Task requirements: The expected output is every line of the data exactly as shown, minus the images.

Given data:
__________________________________________________
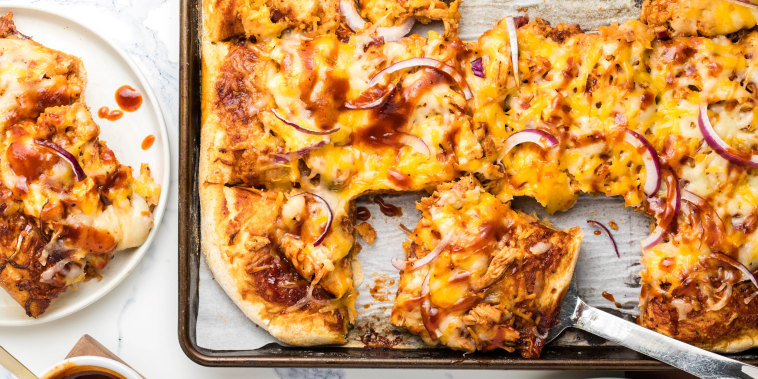Joy Bauer's Sheet-Pan Barbecue Chicken Pizza.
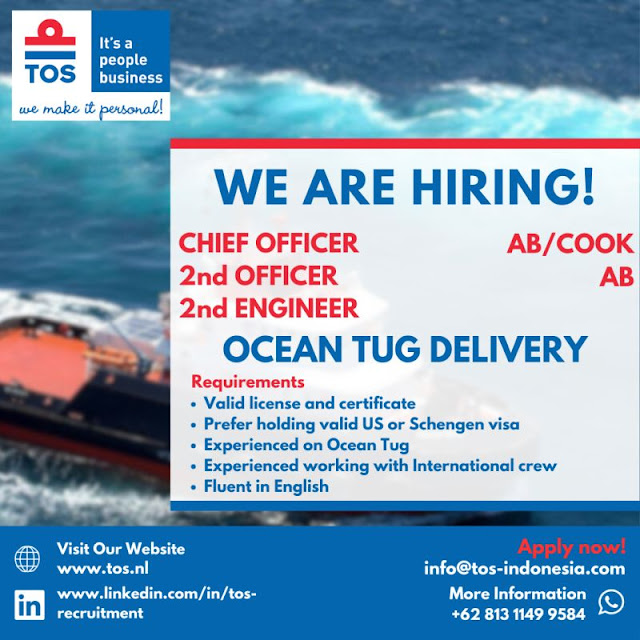 Apply for Ship Crew TOS Indonesia Join April 2024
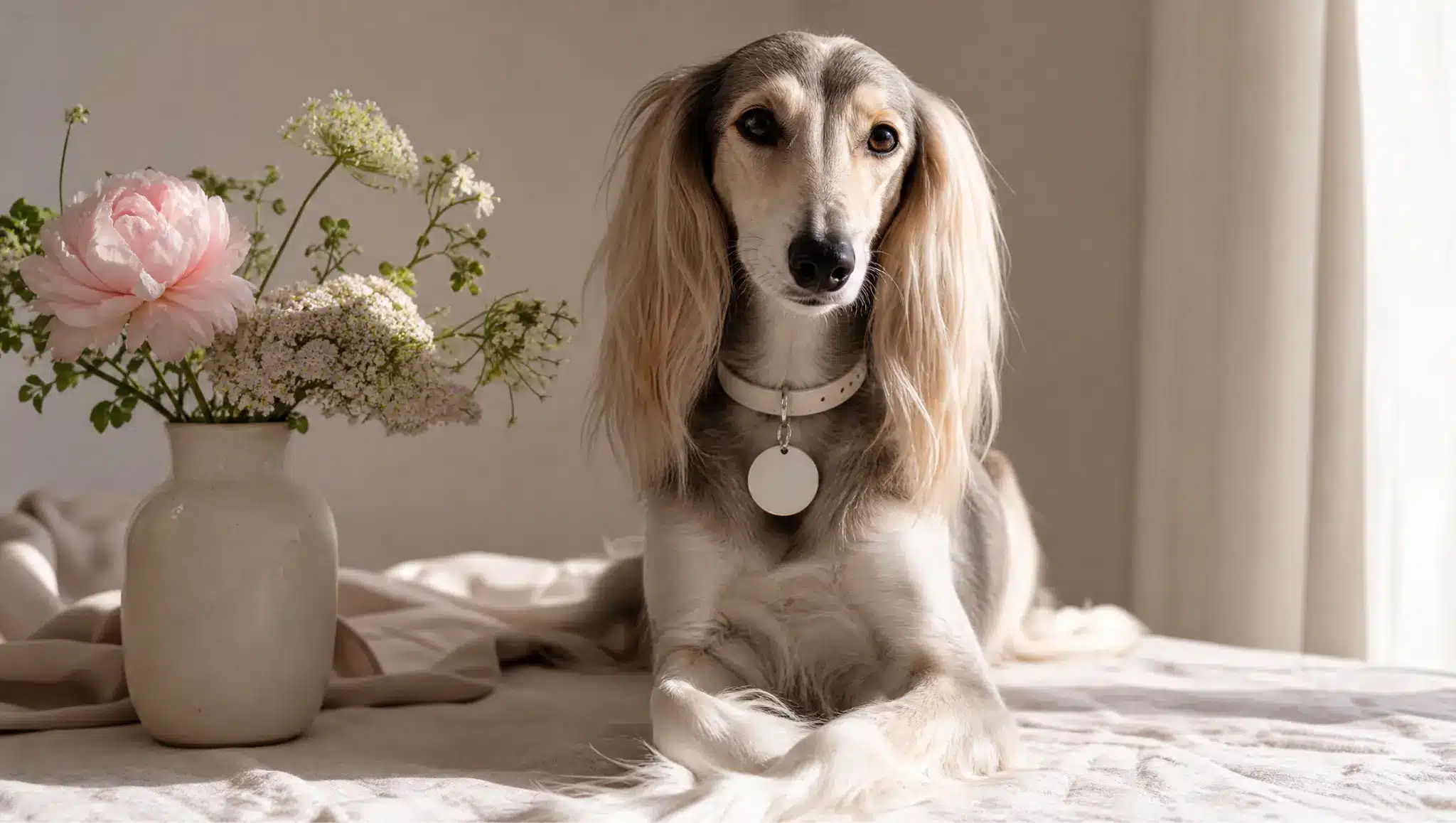 pretty female dog beside flowers and a blank tag for rare girl dog name ideas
__________________________________________________
Output for this exercise:
Joy Bauer's Sheet-Pan Barbecue Chicken Pizza.
 Apply for Ship Crew TOS Indonesia Join April 2024
 pretty female dog beside flowers and a blank tag for rare girl dog name ideas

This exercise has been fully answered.